A existência de cristais de tempo – um estado particularmente fascinante da matéria – só foi confirmada há poucos anos, mas um grande avanço já aconteceu: físicos induziram e observaram uma interação entre dois cristais de tempo.
Em um superfluido de hélio-3, dois cristais trocaram quasíparticulas sem interromper sua coerência. Segundo os pesquisadores, essa conquista abre possibilidades para campos emergentes, como o processamento quântico de informações, onde a coerência é crucial.
“Controlar a interação de dois cristais de tempo é uma grande conquista”, afirmou o físico Samuli Autti, principal autor do estudo, da Lancaster University, no Reino Unido. “Antes disso, ninguém tinha observado dois cristais de tempo no mesmo sistema, muito menos visto eles interagirem”.
“As interações controladas são o item número um na lista de desejos de qualquer pessoa que queira aproveitar um cristal de tempo para aplicações práticas, como processamento de informações quânticas”, continuou Autti.
Cristais de tempo se parecem com cristais normais, mas apresentam uma peculiaridade adicional. Em cristais regulares, os átomos estão dispostos em uma estrutura de grade tridimensional fixa, assim como a rede atômica de um diamante ou um cristal de quartzo. Essas redes repetitivas podem ter configurações diferentes, mas não se movem muito; elas apenas se repetem espacialmente.
Já nos cristais de tempo, o comportamento dos átomos é um pouco diferente. Eles oscilam, girando primeiro em uma direção e depois em outra. Essas oscilações, chamadas de “tique-taque”, são travadas em uma frequência particular e regular. Em outras palavras, assim como a estrutura de cristais regulares se repete no espaço, nos cristais de tempo ela se repete em duas dimensões: no espaço e no tempo.
Cristais de tempo oscilam em duas dimensões. Imagem: Reprodução
Teoricamente, os cristais de tempo oscilam em seu estado mais baixo possível de energia, conhecido como estado fundamental, tornando-os estáveis e coerentes por longos períodos. Isso poderia ser explorado, mas somente se sua coerência pudesse ser preservada em uma interação controlada.
Então, Autti e seus colegas do Reino Unido e da Finlândia prepararam um experimento. Primeiro, eles resfriaram o hélio-3 (um isótopo estável do hélio com dois prótons mas apenas um nêutron) até um décimo de milésimo de um grau do zero absoluto, criando um superfluido de fase B, um fluido sem nenhuma viscosidade e baixa pressão.
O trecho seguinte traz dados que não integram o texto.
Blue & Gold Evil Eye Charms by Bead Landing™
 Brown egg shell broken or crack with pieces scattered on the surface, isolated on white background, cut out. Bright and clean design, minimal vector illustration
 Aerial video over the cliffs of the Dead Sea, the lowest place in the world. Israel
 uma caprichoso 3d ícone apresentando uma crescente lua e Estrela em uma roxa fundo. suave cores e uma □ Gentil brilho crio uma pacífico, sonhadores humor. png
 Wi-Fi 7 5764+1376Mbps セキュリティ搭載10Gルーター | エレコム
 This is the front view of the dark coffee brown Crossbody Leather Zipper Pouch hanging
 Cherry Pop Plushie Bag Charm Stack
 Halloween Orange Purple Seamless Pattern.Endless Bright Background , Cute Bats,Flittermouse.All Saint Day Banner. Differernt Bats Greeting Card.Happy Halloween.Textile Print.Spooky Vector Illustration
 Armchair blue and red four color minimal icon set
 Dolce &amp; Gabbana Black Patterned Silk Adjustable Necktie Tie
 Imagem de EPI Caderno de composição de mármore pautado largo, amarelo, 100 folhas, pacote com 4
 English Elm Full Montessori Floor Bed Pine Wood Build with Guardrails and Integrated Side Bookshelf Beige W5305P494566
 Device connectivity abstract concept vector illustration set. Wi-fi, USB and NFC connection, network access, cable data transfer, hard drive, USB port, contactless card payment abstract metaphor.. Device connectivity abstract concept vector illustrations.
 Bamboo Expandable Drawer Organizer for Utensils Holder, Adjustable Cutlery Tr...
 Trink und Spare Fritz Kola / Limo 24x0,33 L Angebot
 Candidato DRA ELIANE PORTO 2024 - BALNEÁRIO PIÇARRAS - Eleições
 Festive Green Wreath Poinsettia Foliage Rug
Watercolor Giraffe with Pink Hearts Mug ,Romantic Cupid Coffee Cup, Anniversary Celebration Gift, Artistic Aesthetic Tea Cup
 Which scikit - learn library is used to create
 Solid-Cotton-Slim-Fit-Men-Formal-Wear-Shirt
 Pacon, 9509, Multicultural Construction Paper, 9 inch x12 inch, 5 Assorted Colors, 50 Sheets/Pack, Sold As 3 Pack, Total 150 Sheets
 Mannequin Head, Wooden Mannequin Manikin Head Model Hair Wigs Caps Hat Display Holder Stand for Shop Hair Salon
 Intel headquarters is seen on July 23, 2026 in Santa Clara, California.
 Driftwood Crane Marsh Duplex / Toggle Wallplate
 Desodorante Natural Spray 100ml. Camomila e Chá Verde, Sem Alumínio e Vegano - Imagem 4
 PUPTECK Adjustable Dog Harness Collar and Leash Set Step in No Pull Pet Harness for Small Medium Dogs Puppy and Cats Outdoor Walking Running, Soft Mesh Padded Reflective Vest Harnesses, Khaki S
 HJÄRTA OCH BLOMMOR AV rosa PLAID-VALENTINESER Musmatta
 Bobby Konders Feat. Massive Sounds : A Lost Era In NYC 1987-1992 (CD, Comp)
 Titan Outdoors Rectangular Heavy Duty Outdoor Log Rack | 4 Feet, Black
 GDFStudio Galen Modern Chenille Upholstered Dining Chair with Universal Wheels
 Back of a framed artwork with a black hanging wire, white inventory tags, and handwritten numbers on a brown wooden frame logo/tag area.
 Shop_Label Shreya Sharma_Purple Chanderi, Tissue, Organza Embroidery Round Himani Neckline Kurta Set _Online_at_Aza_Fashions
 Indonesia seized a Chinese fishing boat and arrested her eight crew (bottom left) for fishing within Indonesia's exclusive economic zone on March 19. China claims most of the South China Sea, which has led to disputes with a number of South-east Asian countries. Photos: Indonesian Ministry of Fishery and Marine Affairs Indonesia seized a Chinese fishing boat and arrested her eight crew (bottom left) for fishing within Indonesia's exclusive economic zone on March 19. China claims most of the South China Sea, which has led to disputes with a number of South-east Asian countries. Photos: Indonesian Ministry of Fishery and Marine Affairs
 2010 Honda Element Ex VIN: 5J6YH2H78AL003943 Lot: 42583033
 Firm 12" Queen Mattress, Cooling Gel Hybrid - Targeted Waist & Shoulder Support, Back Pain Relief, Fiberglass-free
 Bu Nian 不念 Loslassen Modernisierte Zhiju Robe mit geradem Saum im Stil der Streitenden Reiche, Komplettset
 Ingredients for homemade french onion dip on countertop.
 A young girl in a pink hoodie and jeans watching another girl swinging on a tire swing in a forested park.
Nesse meio, os dois cristais de tempo emergiram como condensados de Bose-Einstein espacialmente distintos de quasipartículas de magnon. Os magnons não são partículas verdadeiras, mas consistem em uma excitação coletiva do giro (spin) dos elétrons, como uma onda se propagando através de uma rede de spins.
Quando aconteceu o toque entre os cristais de tempo, eles trocaram magnons – o que alterou a oscilação para a fase oposta, mas sem sacrificar sua coerência.
Descoberta pode ajudar na computação quântica. Imagem: Reprodução
Os resultados foram consistentes com um fenômeno de supercondutividade chamado efeito Josephson, no qual uma corrente flui entre duas peças de material supercondutor separadas por um fino isolador, conhecido como junção Josephson. Essas são uma das várias estruturas que são exploradas para a construção de qubits, as unidades básicas da informação em computadores quânticos.
É uma interação muito simples, mas abre portas para tentar criar e controlar outras muito mais sofisticadas. “Nossos resultados demonstram que os cristais de tempo obedecem à dinâmica geral da mecânica quântica e oferecem uma base para investigar mais profundamente as propriedades fundamentais dessas fases, abrindo caminhos para possíveis aplicações em campos de desenvolvimento, como processamento de informação quântica”, escreveram os pesquisadores em seu artigo, publicado na Nature Materials.
“Sistemas quânticos coerentes de vida longa com interações sintonizáveis, como os cristais de tempo robustos estudados aqui, fornecem uma plataforma para a construção de novos dispositivos quânticos baseados em fenômenos coerentes com spin”, concluíram.